I am searching for the ideal database structure/solution that meets most of my below requirements but so far I utterly failed. Can you please help?

My tasks: I run a process in .Net 4.5 (C#) and generate (generally) value types that I want to use for further analysis in other applications and therefore like to either preserve in-memory or persist on disk. More below. The data is generated within different tasks/threads and thus a row based data format does not lend itself well to match this situation (because the data generated in different threads is generated at different times and is thus not aligned). Thus I thought a columnar data structure may be suitable but please correct me if I am wrong.

Example:

Tasks/Thread #1 generates the following data at given time stamps

datetime.ticks / value of output data

1000000001 233.23

1000000002 233.34

1000000006 234.23 ...

Taks/Thread #2 generates the following data at given time stamps

datetime.ticks / value of output data

1000000002 33.32

1000000005 34.34

1000000015 54.32 ...

I do not need to align the time stamps at the .Net run-time, I am first and foremost after preserving the data and to process the data within R or Python at a later point.

My requirements:

  • Fast writes, fast writes, fast writes: It can happen that I generate 100,000- 1,000,000 data points per second and need to persist (worst case) or retain in memory the data. Its ok to run the writes on its own thread so this process can lag the data generation process but limitation is 16gb RAM (64bit code), more below.

  • Preference is for columnar db format as it lends itself well to how I want to query the data later but I am open to any other structure if it makes sense in regards to the examples above (document/key-value also ok if all other requirements are met, especially in terms of write speed).

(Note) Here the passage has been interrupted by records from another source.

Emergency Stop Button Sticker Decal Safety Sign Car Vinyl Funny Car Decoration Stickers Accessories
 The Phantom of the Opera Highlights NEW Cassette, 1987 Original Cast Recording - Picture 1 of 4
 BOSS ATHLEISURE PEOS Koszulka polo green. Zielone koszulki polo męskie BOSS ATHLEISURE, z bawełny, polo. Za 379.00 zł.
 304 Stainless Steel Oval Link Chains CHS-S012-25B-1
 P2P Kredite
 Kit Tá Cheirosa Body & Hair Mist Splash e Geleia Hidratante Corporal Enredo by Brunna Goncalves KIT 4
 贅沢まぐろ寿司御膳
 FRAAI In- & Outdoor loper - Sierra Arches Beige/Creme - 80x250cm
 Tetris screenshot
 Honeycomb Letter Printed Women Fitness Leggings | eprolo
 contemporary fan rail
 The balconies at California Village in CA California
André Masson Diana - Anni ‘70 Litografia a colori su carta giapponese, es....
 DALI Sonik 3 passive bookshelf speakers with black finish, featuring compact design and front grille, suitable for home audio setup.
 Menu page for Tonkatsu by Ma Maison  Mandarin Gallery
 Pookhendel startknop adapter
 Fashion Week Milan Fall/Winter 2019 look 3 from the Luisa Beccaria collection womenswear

  • API that can be referenced from within .Net. Example: HDF5 may be considered capable by some but I find their .Net port horrible.Something that supports .Net a little better would be a plus but if all other requirements are met then I can deal with something similar to the HDF5 .Net port.

  • Concurrent writes if possible: As described earlier I like to write data concurrently from different tasks/threads.

  • I am constrained by 16gb memory (run .Net process in 64bit) and thus I probably look for something that is not purely in-memory as I may sometimes generate more data than that. Something in-memory which persists at times or a pure persistence model is probably preferable.

  • Preference for embedded but if a server in a client/server solution can run as a windows service then no issue.

  • In terms of data access I have strong preference for a db solution for which interfaces from R and Python already exist because I like to use the Panda library within Python for time series alignments and other analysis and run analyses within R.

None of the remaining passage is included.